#### [DATA BELOW]
--------------------
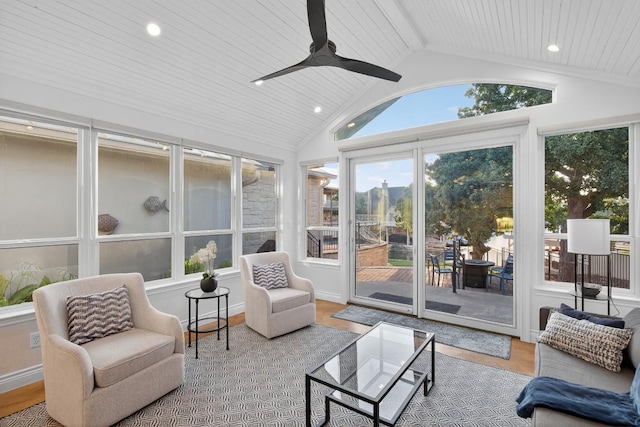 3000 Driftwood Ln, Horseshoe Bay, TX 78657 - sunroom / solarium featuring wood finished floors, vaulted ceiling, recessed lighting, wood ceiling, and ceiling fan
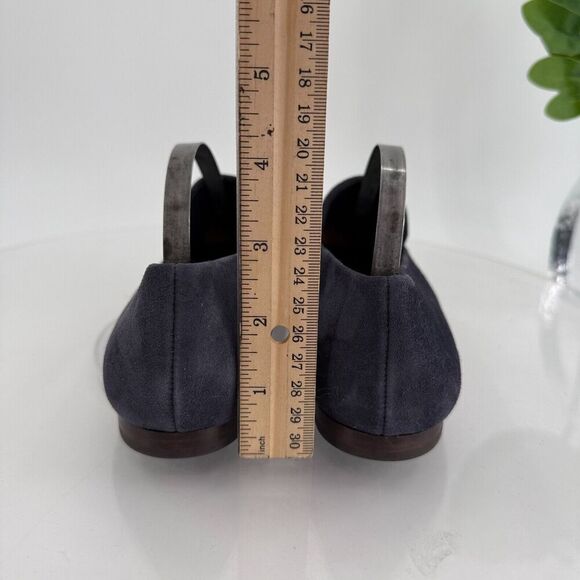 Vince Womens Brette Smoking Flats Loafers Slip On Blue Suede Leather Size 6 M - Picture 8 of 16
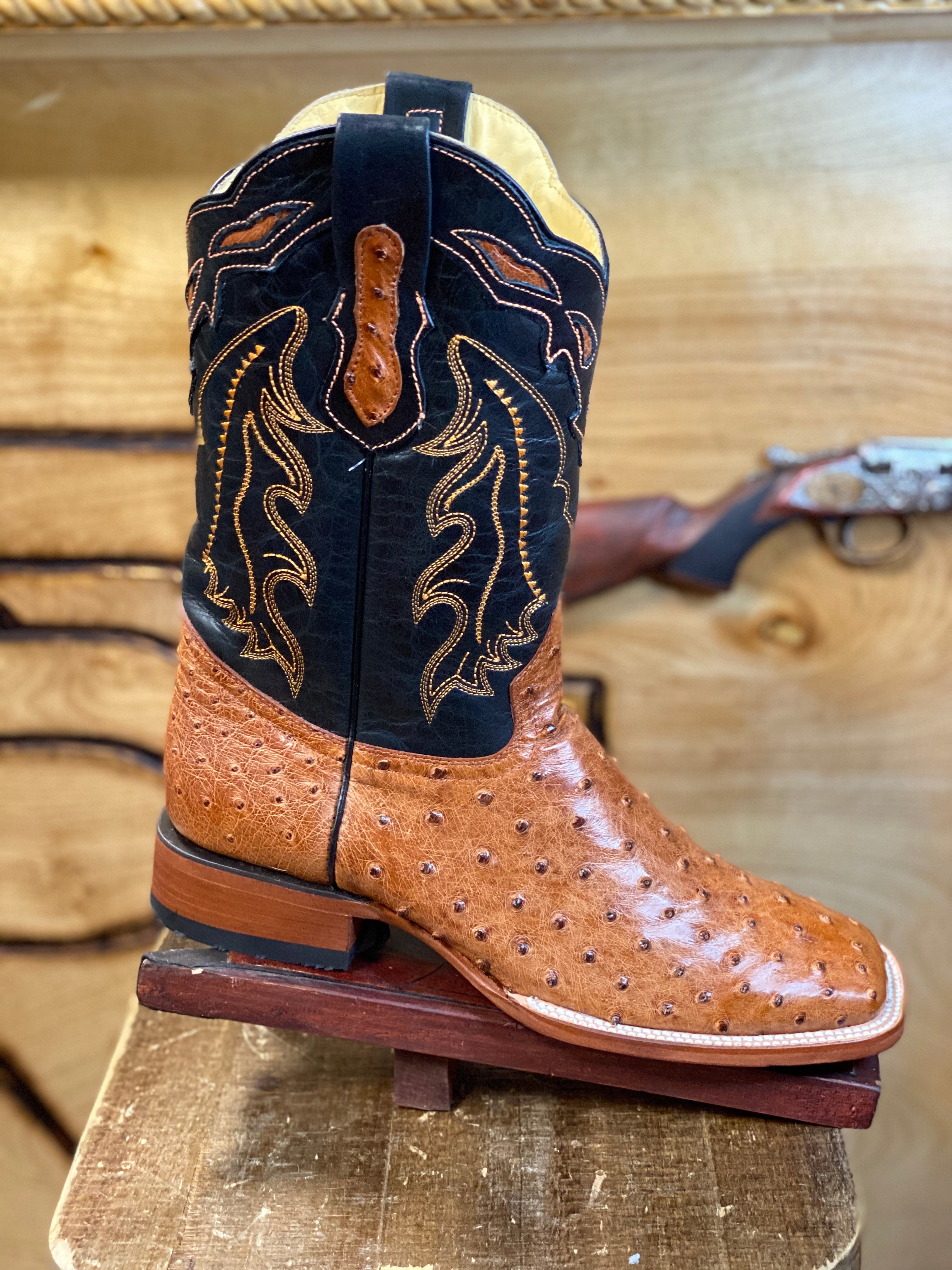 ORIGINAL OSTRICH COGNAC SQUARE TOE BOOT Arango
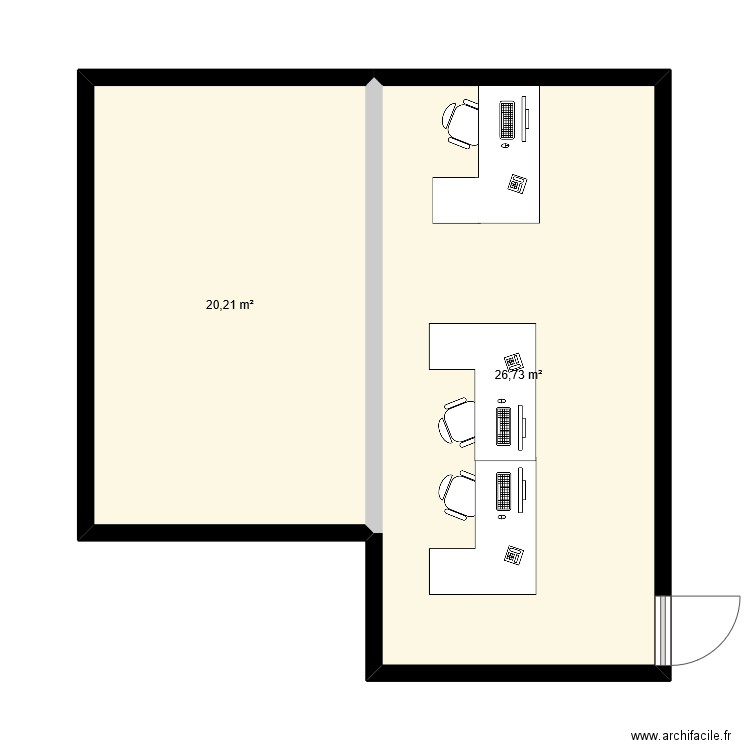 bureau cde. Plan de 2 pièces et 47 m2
--------------------
#### [PROBLEM DESCRIPTION]
Strip out the pictures and repeat the listing above exactly.

#### [RESULT OF THE TASK]
 3000 Driftwood Ln, Horseshoe Bay, TX 78657 - sunroom / solarium featuring wood finished floors, vaulted ceiling, recessed lighting, wood ceiling, and ceiling fan
 Vince Womens Brette Smoking Flats Loafers Slip On Blue Suede Leather Size 6 M - Picture 8 of 16
 ORIGINAL OSTRICH COGNAC SQUARE TOE BOOT Arango
 bureau cde. Plan de 2 pièces et 47 m2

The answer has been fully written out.